A diferencia de lo que sucede en Cuba, en Miami política y comida se dan
la mano. Castristas y anticastristas respetan la tregua que impone la mesa
bien servida. No es raro que una persona invite a otra, de ideología antagónica, a almorzar en uno de los restaurantes más «cubanazos», adjetivo creado
en el exilio para referirse admirativamente a la cubanía exultante.
Calladamente, los cubanos de Miami intuyen que un buen plato de comida puede ser más convincente que cualquier discurso político. «Ah, deja
que llegue y choque con un buen bistec», dicen de aquel pariente que vendrá a visitarlos tras padecer décadas de penuria alimentaria. Y las proporciones, en hogares y restaurantes populares, dan fe de ese intento inconsciente de ostentar y ser generoso a la vez. Así, un bistec de palomilla parece
una sábana y un sándwich cubano especial no puede ser digerido con facilidad por una sola persona. Los tostones, calenticos y crujientes, llegan a ser
del tamaño de la palma de la mano en el restaurante Habana Vieja, un sitio
bullicioso que reproduce el mapa del casco histórico de la capital cubana,
con los nombres de las intersecciones de calles en cada esquina del local.
Esas pantagruélicas raciones de comida hacen que hasta los cubanos más
oficialistas venzan sus escrúpulos, para devorarlas, medio a escondidas, tarde
en la noche, a su fugaz paso por la ciudad que luego denostan y demonizan.
Así, la comida cubana, territorio de permeabilidad, junta a enemigos políticos
en un mismo espacio, por una misma causa justa y placentera: comer bien.

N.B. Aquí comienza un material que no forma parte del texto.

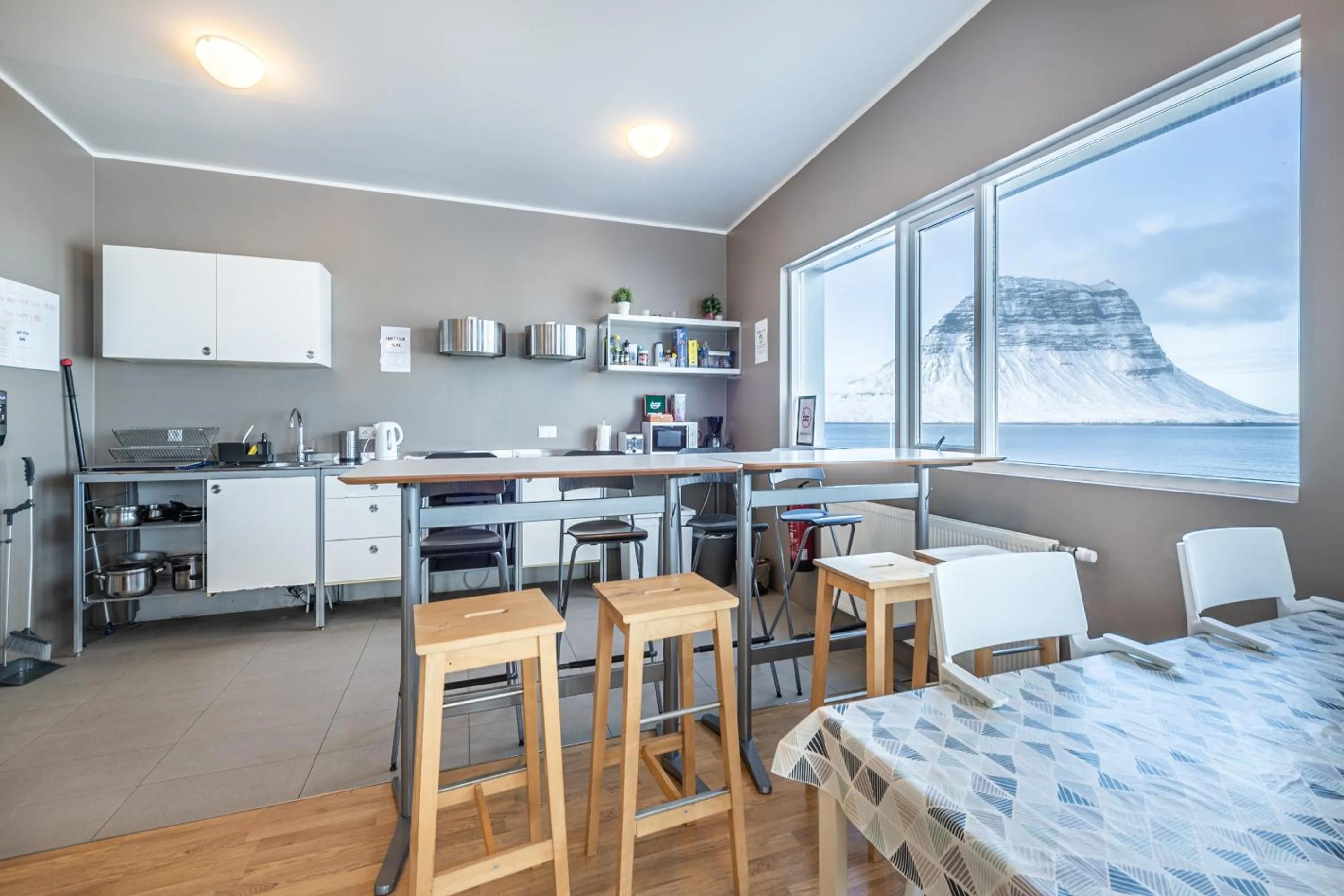 Coffee/tea facilities in Stöð Guesthouse and apartments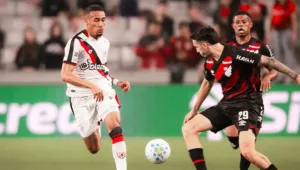 “o-atletico-tem-camisa”,-adson-batista-valoriza-o-empate-com-o-furacao-em-curitiba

Como muchos exiliados, la comida cubana llegó a Miami para quedarse.
Y en su nueva Meca, se ha resistido a modificaciones esenciales en las combinaciones de ingredientes y materias primas. Por eso no faltan puristas que
se quejan de que en el exilio se confunde el congrí con los moros y cristianos, y la vaca frita con la ropa vieja.
En su resistencia, la cocina cubana ha preferido refugiarse en la opulencia de su componente hispano, de ahí que muchos restaurantes de Miami se
anuncien como «cubano-españoles». No obstante, en los últimos años ha
comenzado a enriquecerse con variaciones introducidas por descendientes
de cubanos o experimentados chefs de cocina que proponen pollo a la parrilla con salsa bbq de guayaba, pollo mango, vaca frita de pollo y salmón y
camarones con glasé de guarapo. Las adiciones pueden estar inspiradas en
las contingencias del recién llegado, como la exuberante palomilla a la balsera: un bistec relleno con trozos de carne y puré de yuca, cocinado a la plancha. Tal vez esos pasos de renovación sean el mayor reto para una cocina
aferrada a las recetas tradicionales como obsesión de cubanía.